Brief descriptive captions
>>>>

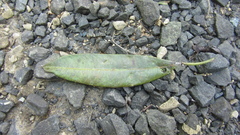 Sapium glandulosum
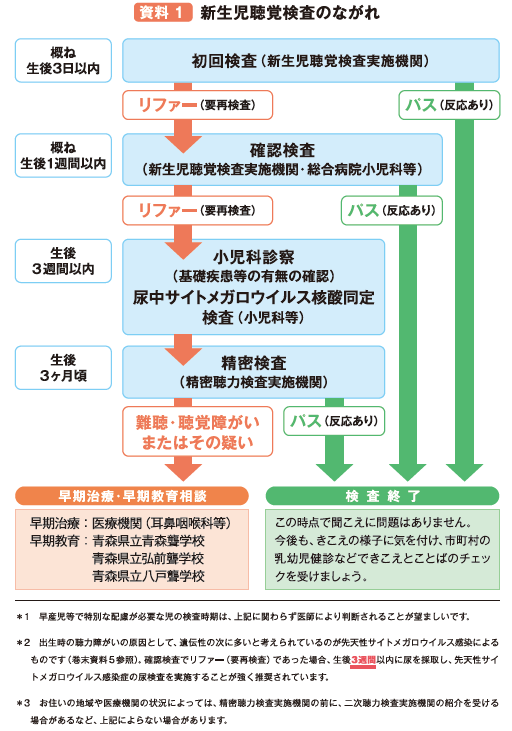 新生児聴覚検査のながれ説明図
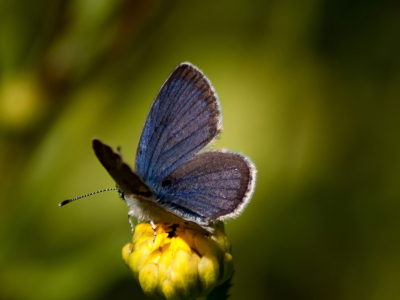 Ik dag dat het een Moors Bruin Blauwtje was maar het was een Moors Dwergblauwtje. Als iemand denkt dat het de Dwergblauwtje zeg dan wat het verschil is bedankt.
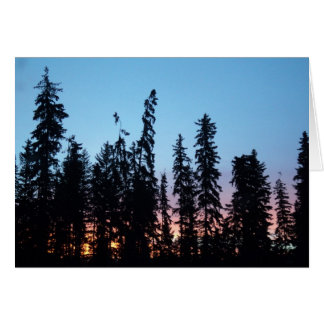 Sunrise through trees card
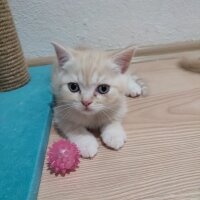 British Shorthair, Kedi  BRİTİSH SHORTHAİR KREM fotoğrafı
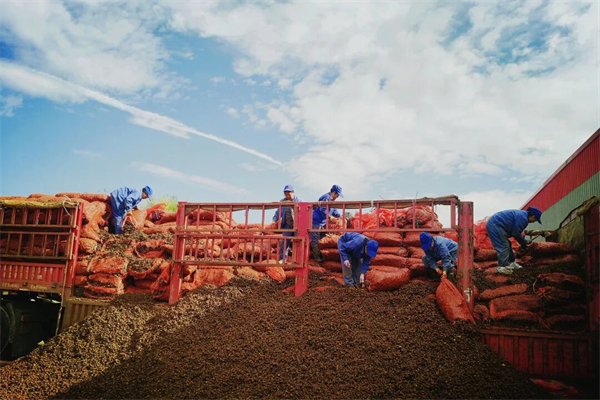 bevictor伟德官网 - 韦德官方网站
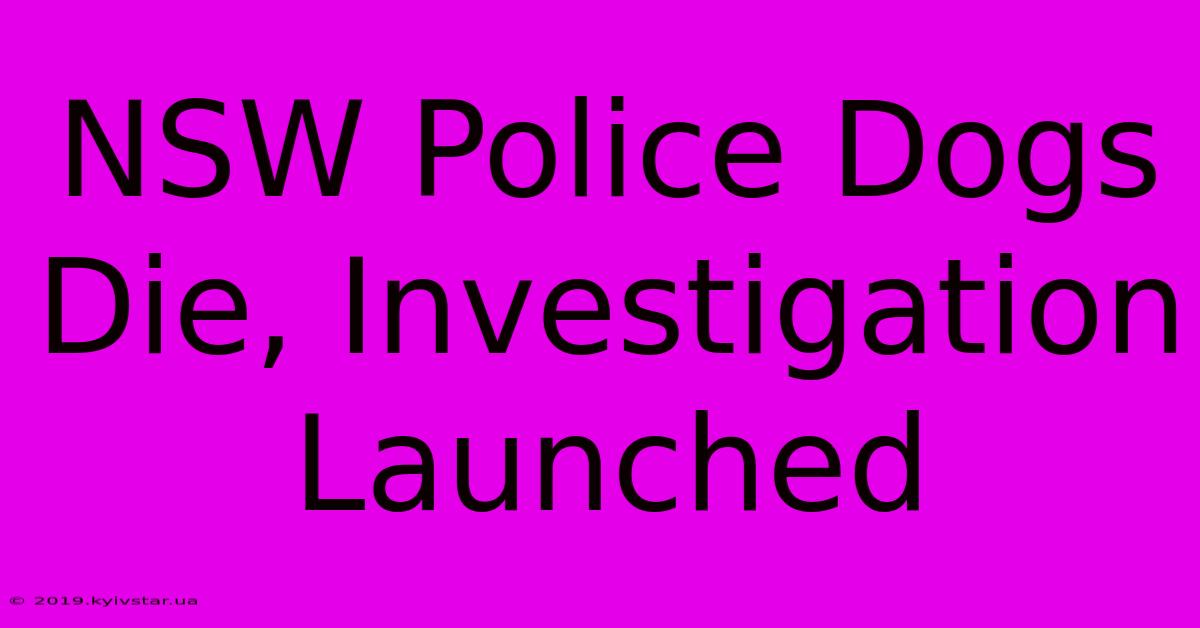 NSW Police Dogs Die, Investigation Launched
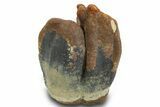 Fossil Woolly Rhino (Coelodonta) Tooth Crown - Siberia #380725-1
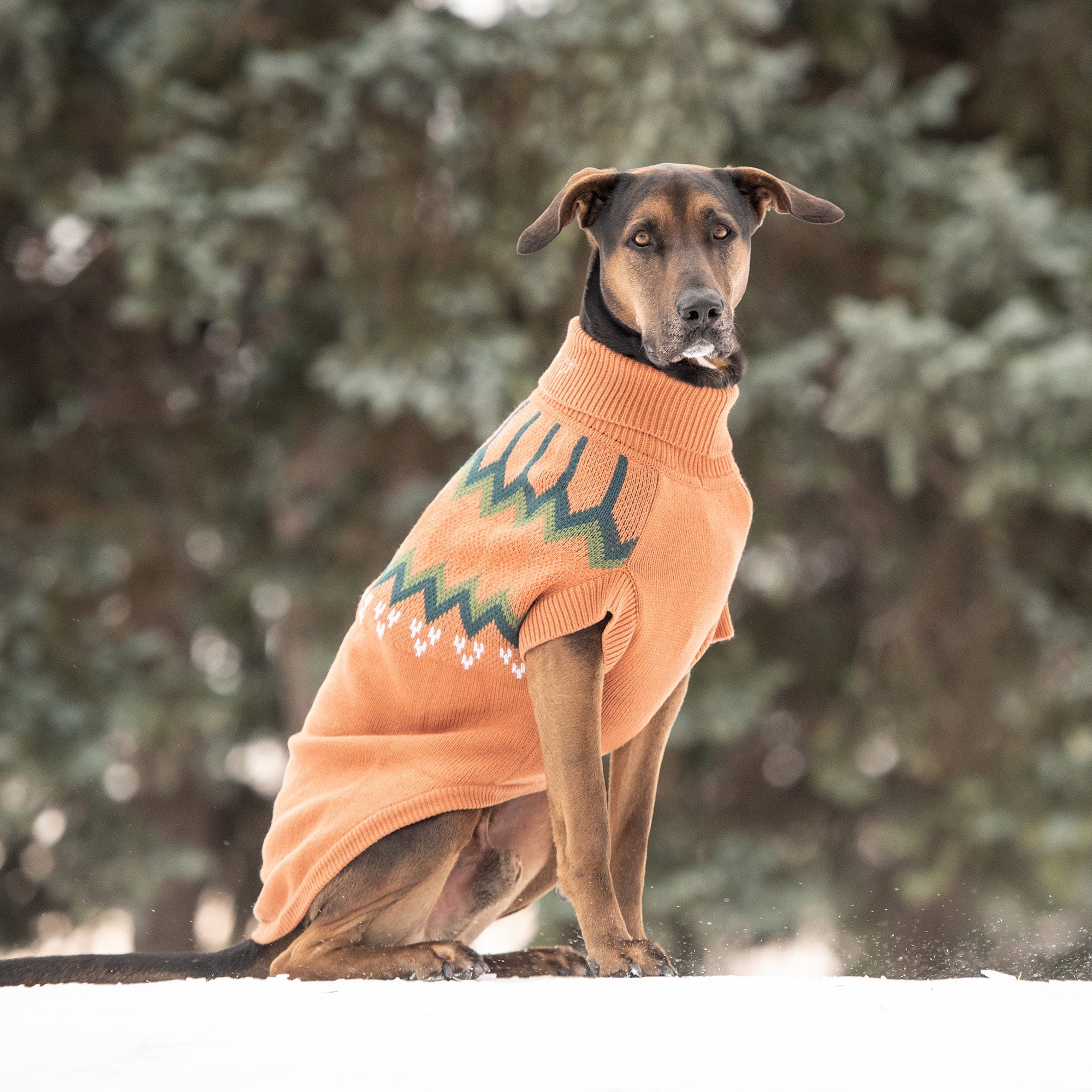 GF PET® Heritage Sweater - Hazel (Vintage Native-Inspired Knit)
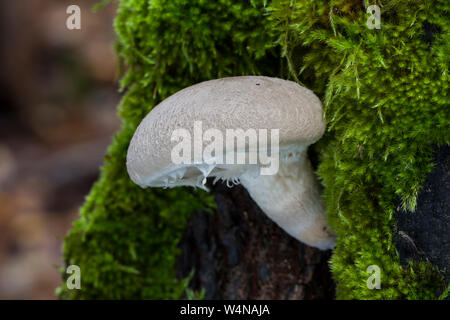 Pleurote voilé, Pleurotus dryinus, poussant sur un tronc d'arbre. Automne en Espagne Banque D'Images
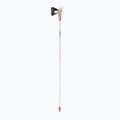 LEKI Passion silver Nordic walking poles 64925100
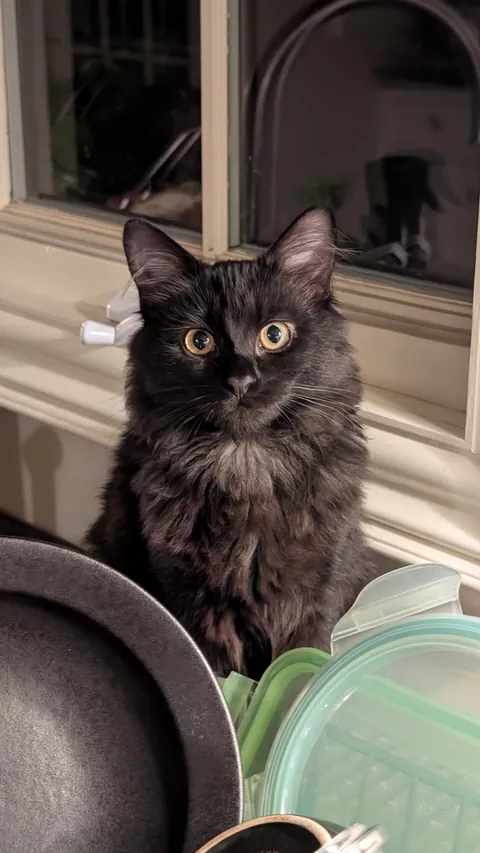 Our lil rescue, she was found in a parking lot at 2 weeks old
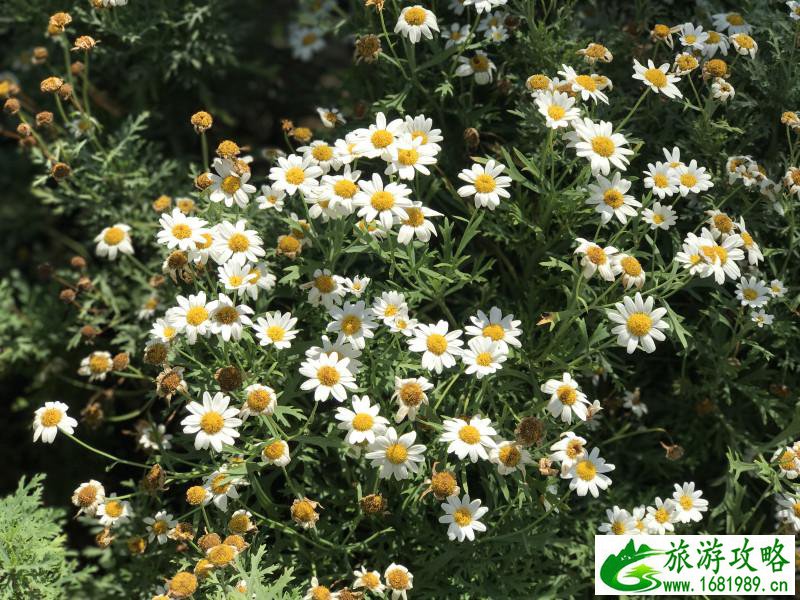 泰国有哪些景点 去泰国要多少钱 泰国有哪些景点 去泰国要多少钱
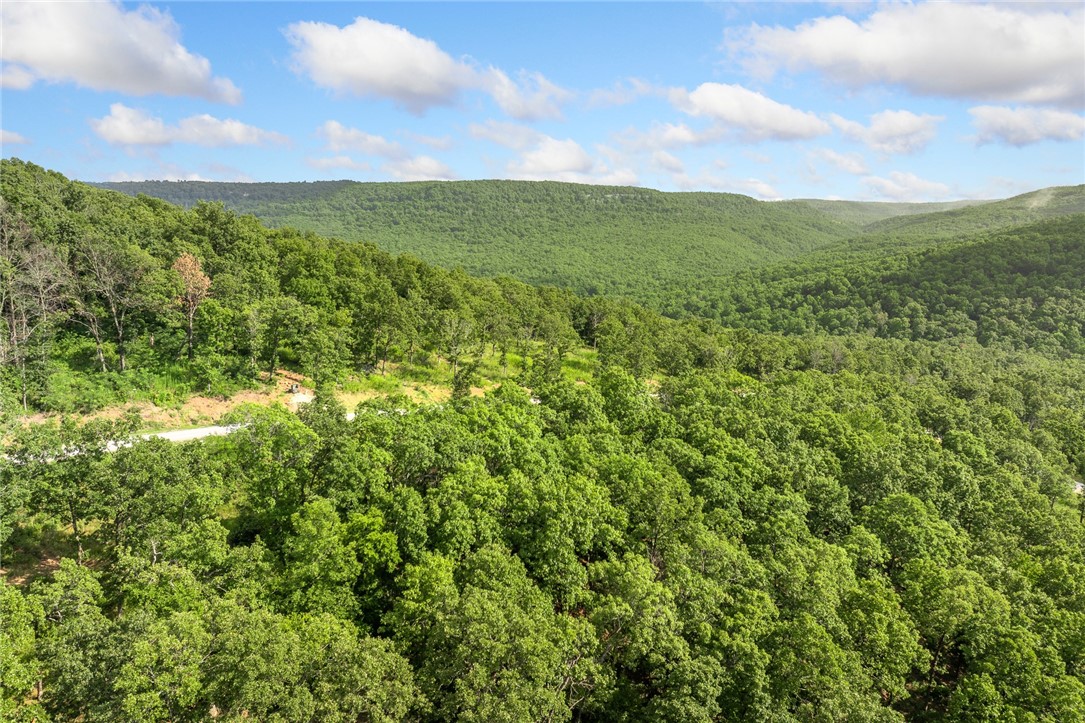 Harrison, Arkansas, 72601, United States, ,Land,For Sale,1903460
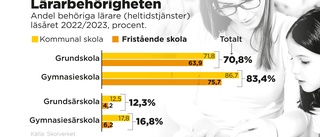 Skolverkets chef: Höj kraven på lärarbehörighet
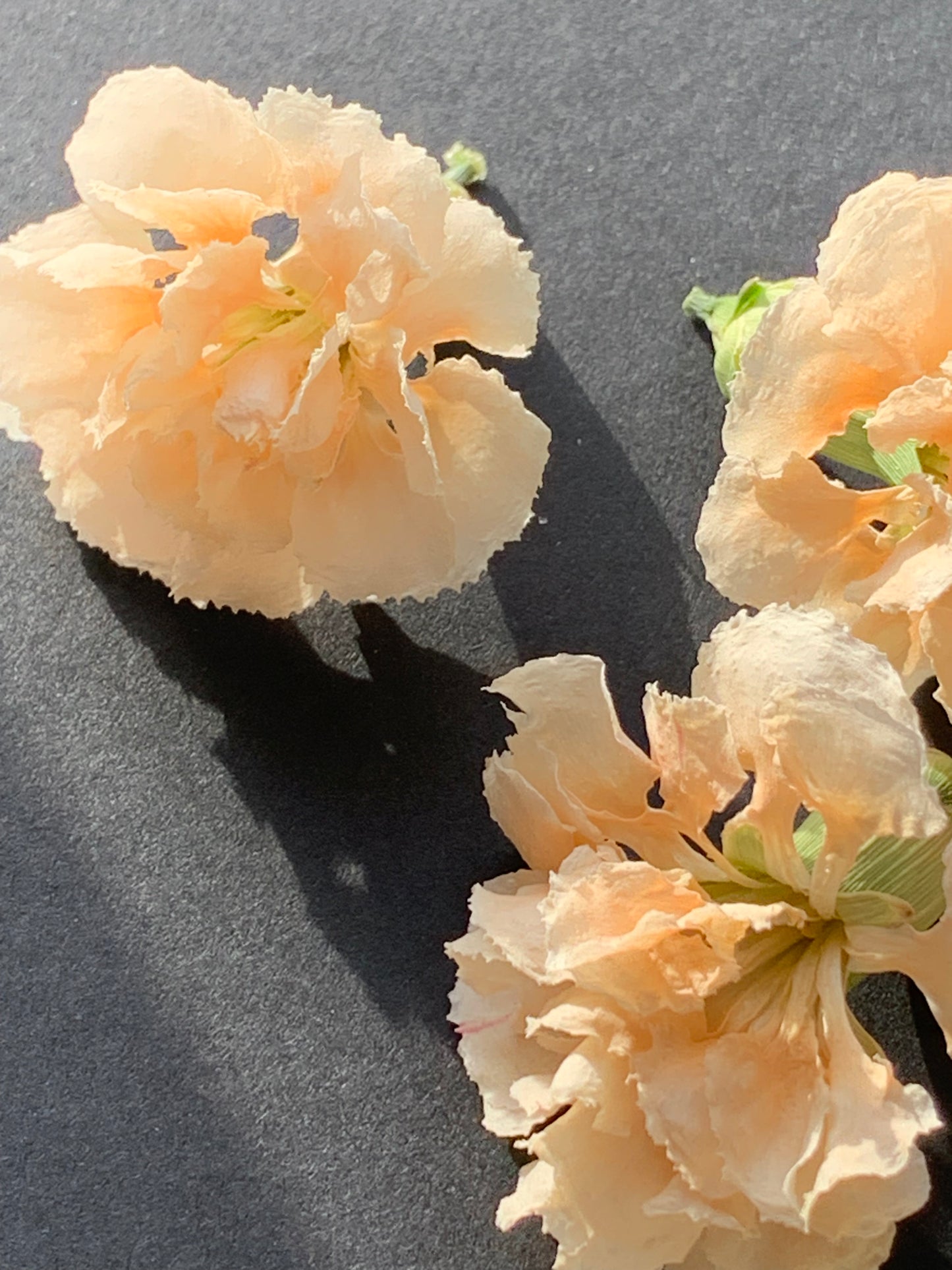Carnations (Spray) - 6 Real Dried Flowers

<<<<

## Exercise requirements
In the data above, find the line containing "GF PET® Heritage"; from there, please write out each line through the end, exactly, with the pictures omitted.

## Final answer
 GF PET® Heritage Sweater - Hazel (Vintage Native-Inspired Knit)
 Pleurote voilé, Pleurotus dryinus, poussant sur un tronc d'arbre. Automne en Espagne Banque D'Images
 LEKI Passion silver Nordic walking poles 64925100
 Our lil rescue, she was found in a parking lot at 2 weeks old
 泰国有哪些景点 去泰国要多少钱 泰国有哪些景点 去泰国要多少钱
 Harrison, Arkansas, 72601, United States, ,Land,For Sale,1903460
 Skolverkets chef: Höj kraven på lärarbehörighet
Carnations (Spray) - 6 Real Dried Flowers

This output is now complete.